Work item ▸ Could you please output only the lines from the one holding "Kia Canival 2021 — photo 12" through the end of the listing below, exactly as written and without pictures?

Source data ▸
----------------
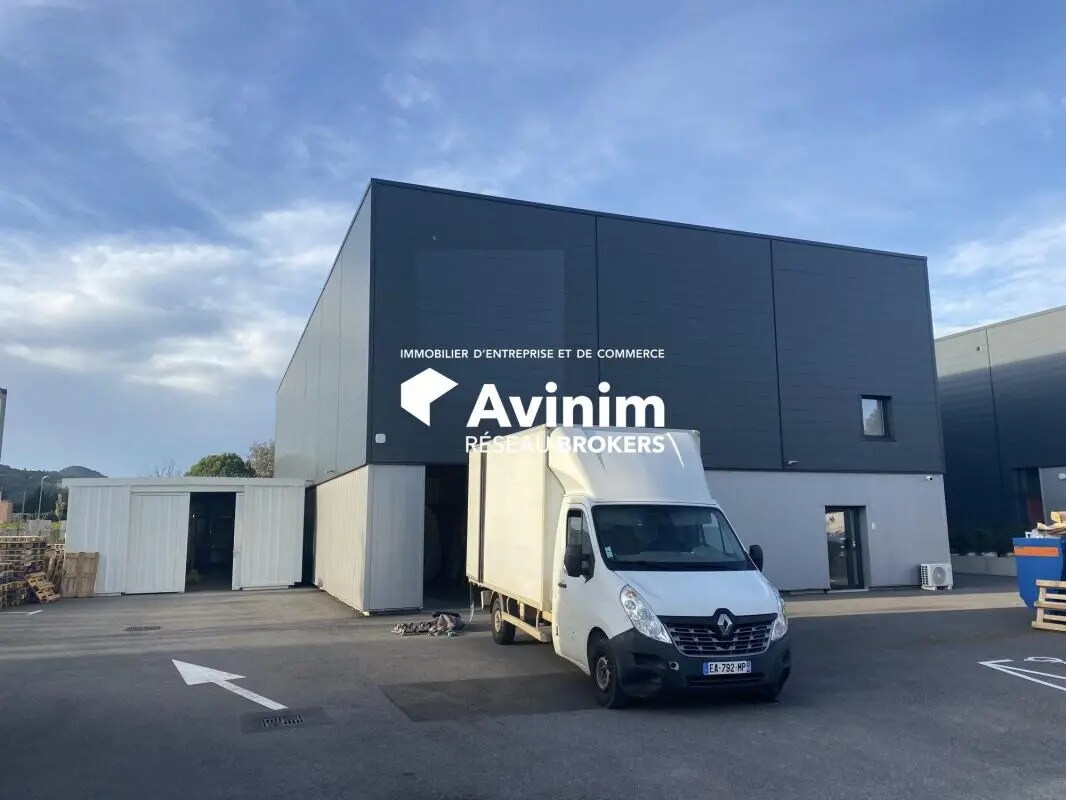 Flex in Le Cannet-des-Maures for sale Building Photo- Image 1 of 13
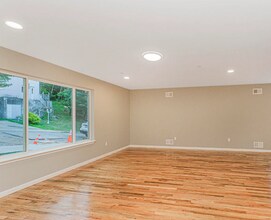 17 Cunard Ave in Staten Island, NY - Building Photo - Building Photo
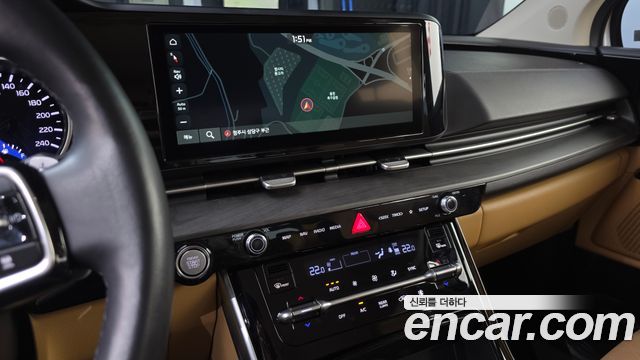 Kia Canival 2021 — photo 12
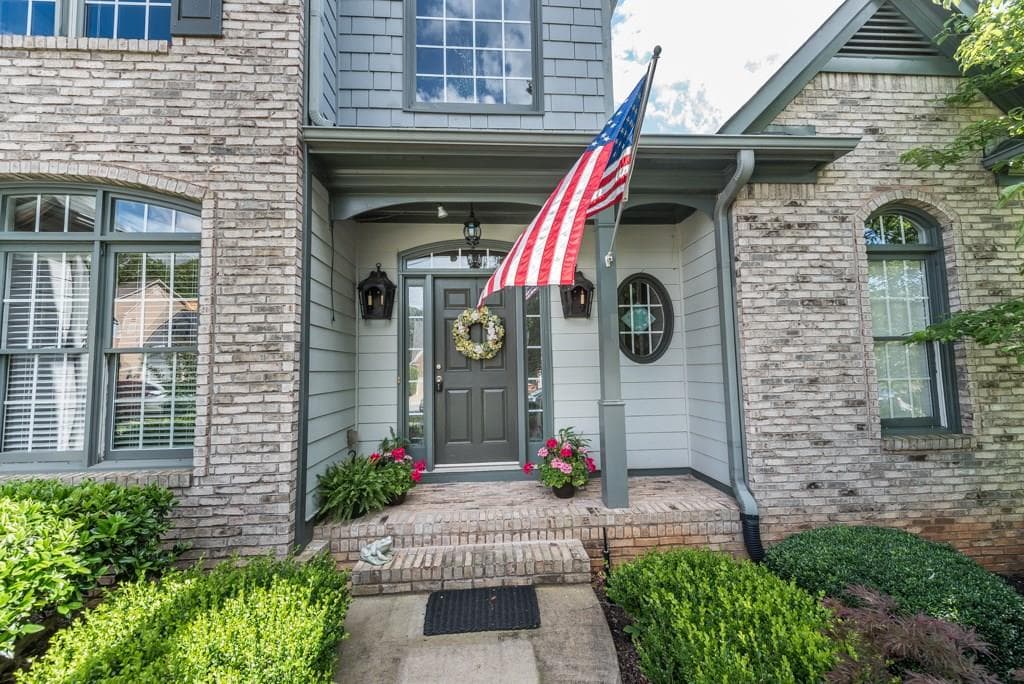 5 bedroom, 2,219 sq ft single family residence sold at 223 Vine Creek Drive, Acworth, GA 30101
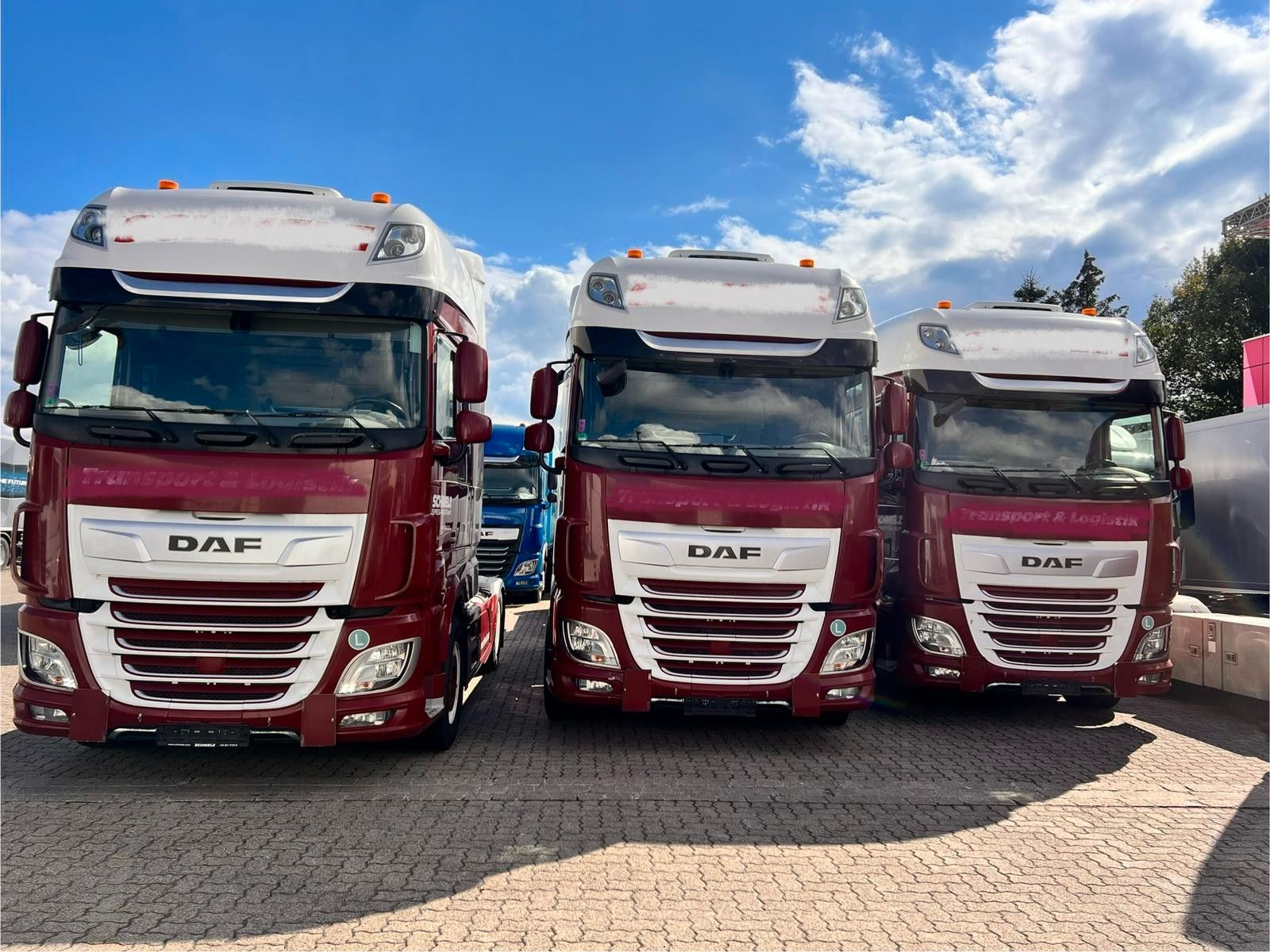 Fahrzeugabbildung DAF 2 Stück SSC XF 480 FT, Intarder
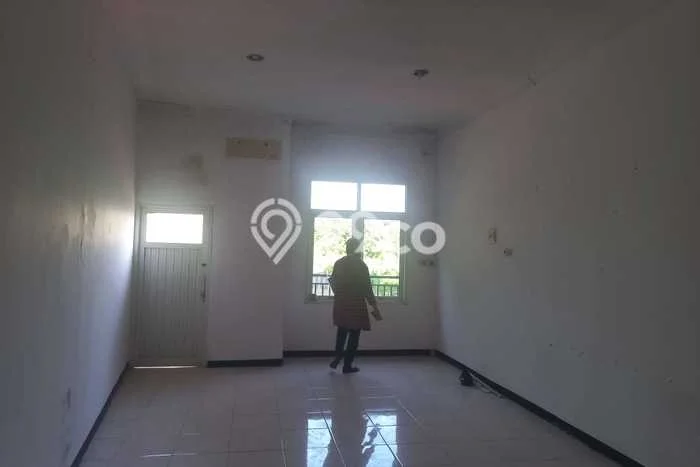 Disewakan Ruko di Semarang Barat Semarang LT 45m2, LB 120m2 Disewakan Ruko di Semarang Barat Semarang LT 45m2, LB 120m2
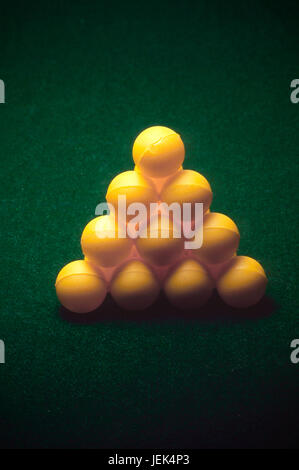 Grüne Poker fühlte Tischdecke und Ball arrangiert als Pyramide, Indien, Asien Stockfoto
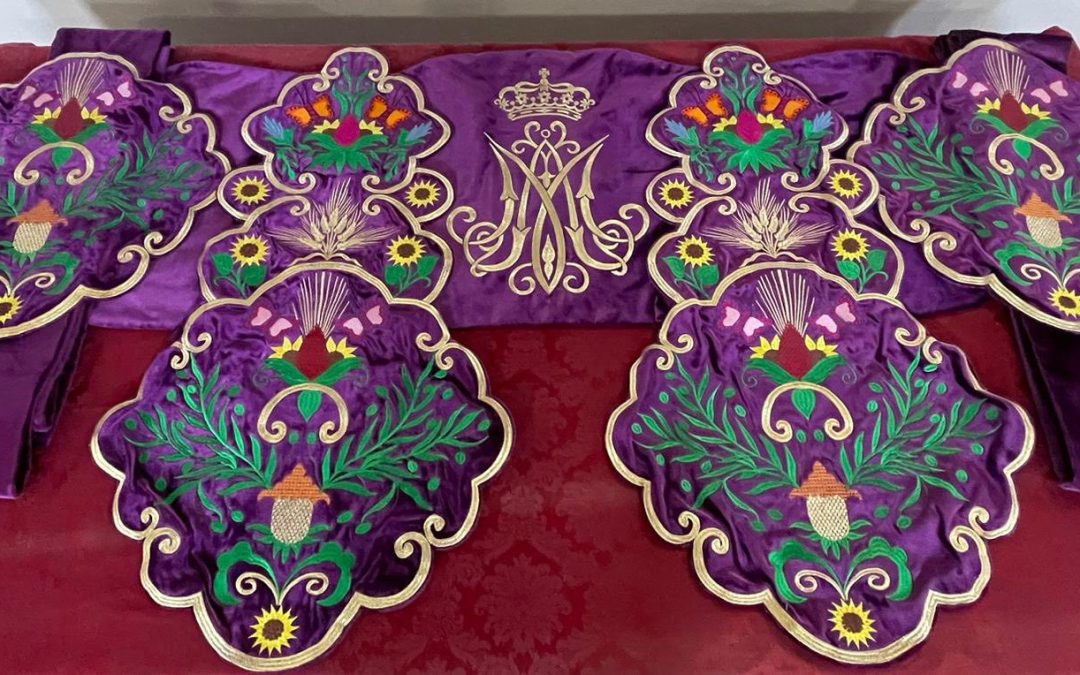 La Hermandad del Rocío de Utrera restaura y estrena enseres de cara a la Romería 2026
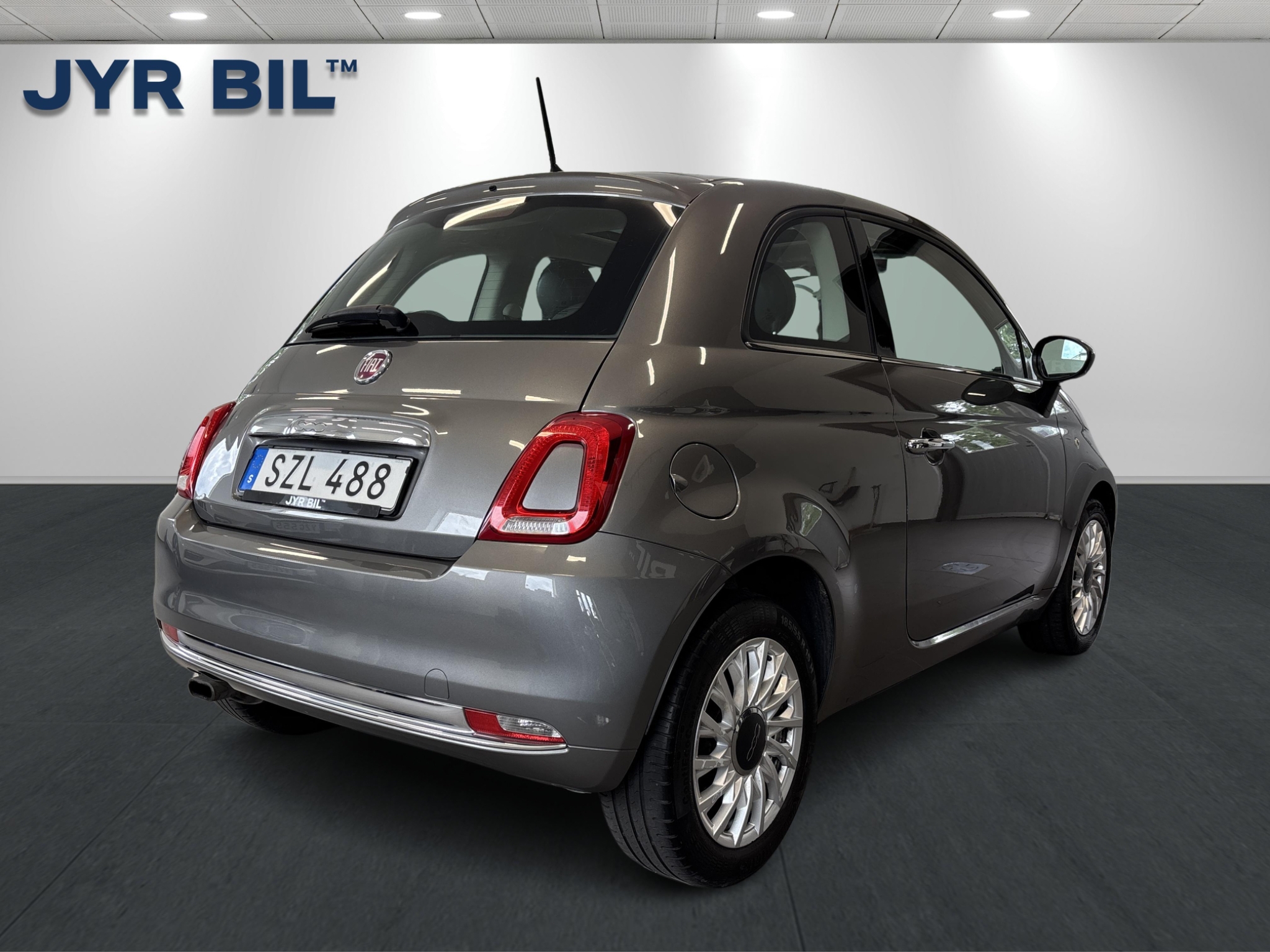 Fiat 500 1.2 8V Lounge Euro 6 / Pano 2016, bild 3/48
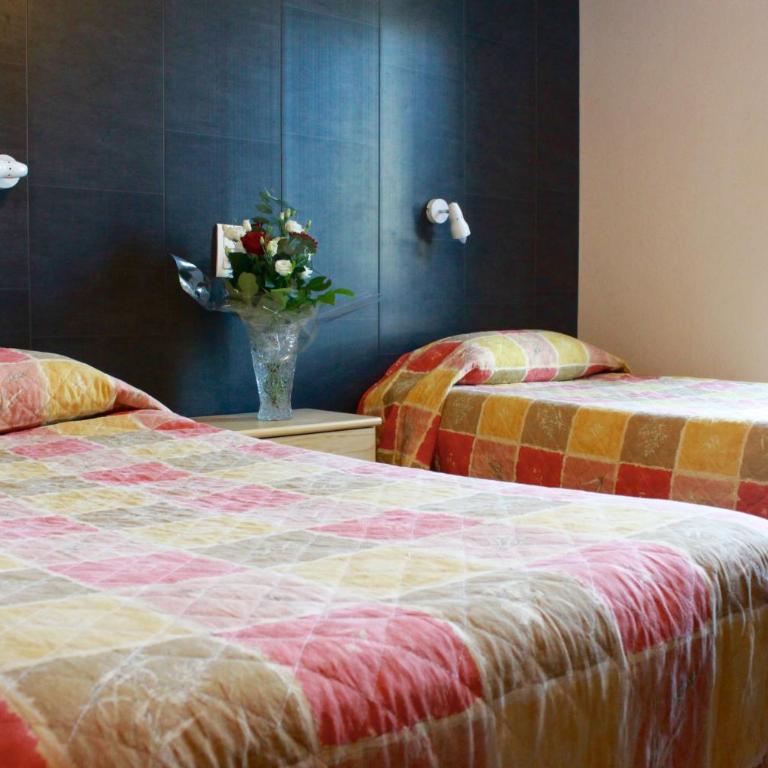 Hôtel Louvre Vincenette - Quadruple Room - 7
----------------
Worked solution ▸
 Kia Canival 2021 — photo 12
 5 bedroom, 2,219 sq ft single family residence sold at 223 Vine Creek Drive, Acworth, GA 30101
 Fahrzeugabbildung DAF 2 Stück SSC XF 480 FT, Intarder
 Disewakan Ruko di Semarang Barat Semarang LT 45m2, LB 120m2 Disewakan Ruko di Semarang Barat Semarang LT 45m2, LB 120m2
 Grüne Poker fühlte Tischdecke und Ball arrangiert als Pyramide, Indien, Asien Stockfoto
 La Hermandad del Rocío de Utrera restaura y estrena enseres de cara a la Romería 2026
 Fiat 500 1.2 8V Lounge Euro 6 / Pano 2016, bild 3/48
 Hôtel Louvre Vincenette - Quadruple Room - 7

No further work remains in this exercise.